With 2.6.30 things look similar, except 2.6.30 does not show the
last "200000000-ffffffffffffffff : RAM buffer" line.

2009-06-27 19:30:39

by H. Peter Anvin

[permalink] [raw]
Subject: Re: [BUG 2.6.31-rc1] HIGHMEM64G causes hang in PCI init on 32-bit x86

Mikael Pettersson wrote:
>
> Sure. This is from 2.6.31-rc1 with the commit commented out and
> replaced by a debug printk:
>
> identify_cpu: ->x86_phys_bits == 36, would change iomem_resource.end from 0xffffffffffffffff to 0x0000000fffffffff
>
> which looks correct for HIGHMEM64G.

OK, I'm going to revert the checkin... however, we still need to figure
out what the right answer here is, and why this broke (and why none of
my tests showed this failure...)

However, it is clear that the answer is more complex than we originally
anticipated. Mikael, would you be willing to run some experiments over
the near future?

-hpa

--
H. Peter Anvin, Intel Open Source Technology Center
I work for Intel. I don't speak on their behalf.

2009-06-27 19:34:17

by H. Peter Anvin

[permalink] [raw]
Subject: [tip:x86/urgent] Revert "x86: cap iomem_resource to addressable physical memory"

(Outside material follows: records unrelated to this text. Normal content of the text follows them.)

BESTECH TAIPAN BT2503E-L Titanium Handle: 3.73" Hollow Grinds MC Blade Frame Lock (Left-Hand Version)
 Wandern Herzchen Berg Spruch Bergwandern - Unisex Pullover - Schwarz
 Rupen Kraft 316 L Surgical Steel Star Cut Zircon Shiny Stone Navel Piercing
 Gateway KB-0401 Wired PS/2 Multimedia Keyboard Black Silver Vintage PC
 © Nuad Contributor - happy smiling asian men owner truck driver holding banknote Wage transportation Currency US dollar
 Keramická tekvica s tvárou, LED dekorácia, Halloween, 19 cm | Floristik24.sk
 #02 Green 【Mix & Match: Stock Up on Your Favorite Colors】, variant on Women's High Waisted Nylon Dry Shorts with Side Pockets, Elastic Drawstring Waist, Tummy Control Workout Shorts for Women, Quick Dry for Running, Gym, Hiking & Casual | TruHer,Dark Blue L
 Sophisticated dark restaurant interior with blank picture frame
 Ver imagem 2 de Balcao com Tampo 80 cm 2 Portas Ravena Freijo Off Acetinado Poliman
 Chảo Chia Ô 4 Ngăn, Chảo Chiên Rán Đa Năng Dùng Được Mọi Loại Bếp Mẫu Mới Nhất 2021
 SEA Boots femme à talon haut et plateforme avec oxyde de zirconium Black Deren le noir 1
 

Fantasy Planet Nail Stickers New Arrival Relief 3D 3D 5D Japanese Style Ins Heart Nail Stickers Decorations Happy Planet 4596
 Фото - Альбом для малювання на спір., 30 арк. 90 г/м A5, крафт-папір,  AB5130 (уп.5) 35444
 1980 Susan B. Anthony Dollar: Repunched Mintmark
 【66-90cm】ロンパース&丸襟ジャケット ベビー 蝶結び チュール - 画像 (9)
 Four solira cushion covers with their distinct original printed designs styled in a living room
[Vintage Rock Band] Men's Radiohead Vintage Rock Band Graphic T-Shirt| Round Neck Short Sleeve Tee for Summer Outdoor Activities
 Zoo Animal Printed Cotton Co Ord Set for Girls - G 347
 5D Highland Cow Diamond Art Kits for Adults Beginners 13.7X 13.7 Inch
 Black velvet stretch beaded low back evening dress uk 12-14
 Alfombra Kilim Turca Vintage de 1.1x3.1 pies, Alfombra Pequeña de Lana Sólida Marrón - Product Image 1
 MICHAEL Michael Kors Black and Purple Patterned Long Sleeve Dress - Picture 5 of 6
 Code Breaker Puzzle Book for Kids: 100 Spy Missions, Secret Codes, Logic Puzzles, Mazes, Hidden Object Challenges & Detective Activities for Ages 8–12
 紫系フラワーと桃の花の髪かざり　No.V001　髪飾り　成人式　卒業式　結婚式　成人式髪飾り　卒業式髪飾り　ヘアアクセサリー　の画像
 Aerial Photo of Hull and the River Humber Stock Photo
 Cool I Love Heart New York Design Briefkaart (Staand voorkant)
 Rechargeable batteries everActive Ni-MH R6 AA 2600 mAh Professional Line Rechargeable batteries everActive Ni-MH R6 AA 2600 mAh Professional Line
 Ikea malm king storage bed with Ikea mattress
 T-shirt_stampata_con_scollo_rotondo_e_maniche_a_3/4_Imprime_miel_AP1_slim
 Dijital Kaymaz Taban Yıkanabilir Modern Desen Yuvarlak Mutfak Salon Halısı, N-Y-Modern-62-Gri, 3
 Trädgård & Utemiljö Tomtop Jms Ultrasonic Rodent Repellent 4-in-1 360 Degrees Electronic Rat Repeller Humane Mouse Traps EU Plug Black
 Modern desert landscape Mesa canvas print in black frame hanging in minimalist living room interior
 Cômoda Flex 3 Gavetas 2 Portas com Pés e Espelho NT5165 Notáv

Commit-ID: fc1dbec8ae1a451557ade978bf7777b267690ca9
Gitweb: http://git.kernel.org/tip/fc1dbec8ae1a451557ade978bf7777b267690ca9
Author: H. Peter Anvin <[email protected]>
AuthorDate: Sat, 27 Jun 2009 12:22:27 -0700
Committer: H. Peter Anvin <[email protected]>
CommitDate: Sat, 27 Jun 2009 12:22:27 -0700

Revert "x86: cap iomem_resource to addressable physical memory"

This reverts commit 95ee14e4379c5e19c0897c872350570402014742.
Mikael Petterson <[email protected]> reported that at least one of his
systems will not boot as a result. We have ruled out the detection
algorithm malfunctioning, so it is not a matter of producing the
incorrect bitmasks; rather, something in the application of them
fails.

Revert the commit until we can root cause and correct this problem.

-stable team: this means the underlying commit should be rejected.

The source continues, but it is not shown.